Roberts and Julia Mazurak, another student in TC’s program, have written a paper about virtual simulation, titled “Virtual Clinical Experiences: Applying a Technology-Enhanced Storyboard Technique to Facilitate Contextual Learning in Remote Environments,” which has been accepted for publication by the journal Nursing Education Perspectives. Roberts also recently gave a webinar on the same topic for Laerdal Medical, a manufacturer of training, educational and therapy products.
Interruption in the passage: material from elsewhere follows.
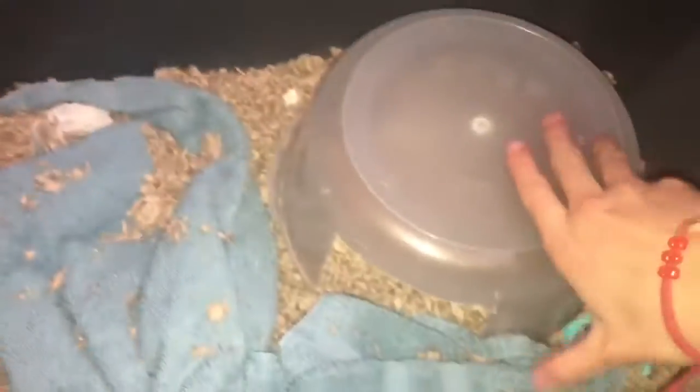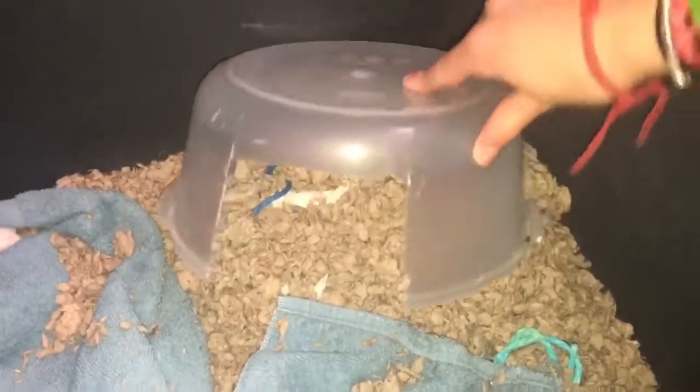And there he is. I put his little cove, his little hideout thing in here again.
And another TC doctoral student, Nancy Spear Owen, Nursing Simulation Educator at Columbia University School of Nursing, is part of the SIPPS Trial research team that, as a public service, has created an online tool kit to guide students and new nurses through the basics of using Personal Protective Equipment (PPE) and other measures to prevent infection. 

“Think of all these brand-new nursing students who’ve not been in a hospital before, and we need to get them to understand that, hey, what we taught you in the textbooks isn’t what’s happening out there in the workforce right now,” Owen says. “Hospitals are reusing PPE instead of disposing of it, because there isn’t enough of a supply.”

Roberts predicts that virtual sim “represents the future, even after the pandemic is behind us.” And Owen adds that the education that nursing students are receiving right now “is not less, it’s just different.

“We won’t know how it all plays out until they get out there,” she says. “But they’re part of history, part of our response to the pandemic through their schooling. And by rethinking how to teach them during this time, so are we.”